It’s rare that we test two-year-old cars, but this particular Accord is rarer—in the U.S., anyway—than burlesque houses in a Texan polygamy camp. Under the hood is a 2.2-liter four-cylinder engine, but twist the key in this Accord, and it explodes to life in a lumpy jolt before settling softly into the characteristic, chugging idle of a small diesel.
If you are looking at the car on these pages and thinking, “That’s not an Accord!” you’re right and you’re wrong. It is not an Accord as we know it here in the States, but it is an Accord elsewhere in the world. What we know here as the Acura TSX is sold in Europe and Japan as the Honda Accord. Honda has confirmed that it will bring a diesel Accord to the U.S. in 2009. We’re not big on waiting, though, so we borrowed a 2007 Accord (that equates to our 2004–08 TSX) with a similar diesel under the hood from Bosch, which developed the fuel-injection system for the engine.
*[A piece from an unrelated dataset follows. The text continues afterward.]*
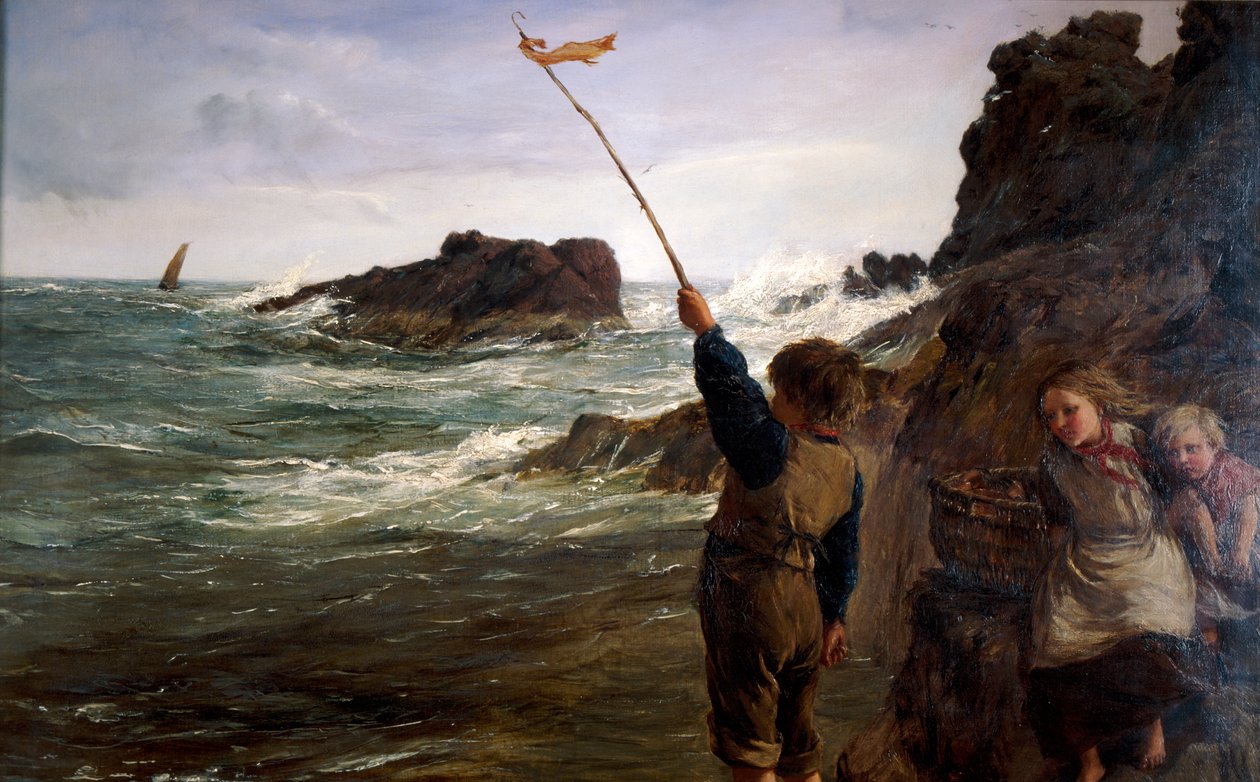„Chycen přílivem“, 1869 od James Clarke Hook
At moderate speeds, the 138-hp diesel is exceedingly smooth and quiet. Below half-throttle and at cruising speeds, the only noise is the slight whistling of the turbo. We measured 73 decibels cruising at 70 mph—decently quiet, but five higher than in a similar TSX we tested.
Diesel = Torque: Have We Covered This Before?
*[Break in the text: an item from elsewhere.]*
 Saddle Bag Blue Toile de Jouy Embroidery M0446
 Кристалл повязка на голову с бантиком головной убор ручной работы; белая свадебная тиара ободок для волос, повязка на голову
It’s happy as low as 1300 rpm, but the power starts at about 1600, with a whopping 251 pound-feet of torque (55 percent more than the current four-cylinder Accord) available at 2000 rpm. There is a nearly imperceptible difference between 70- or 80-percent throttle and flat-footing it, meaning the car feels quick when driven at about 8/10th, but sluggish when it’s really hammered. It took 8.9 seconds to wind the speedo to 60 mph and 16.8 to get through the quarter-mile at 82 mph. The last TSX we tested ran 7.2 and 15.7 at 91.
The turbo is slow to spool up, meaning horrendous lag. In dedicated back-road blitzing, you have to nail the throttle long before the apex in order to be on the power when you exit a turn. Despite the less-sporting engine, the rest of the car remains just as g-addicted as the TSX, with wonderfully neutral handling for a front-driver and a ride-and-handling balance that pleases both enthusiastic drivers and nagging passengers.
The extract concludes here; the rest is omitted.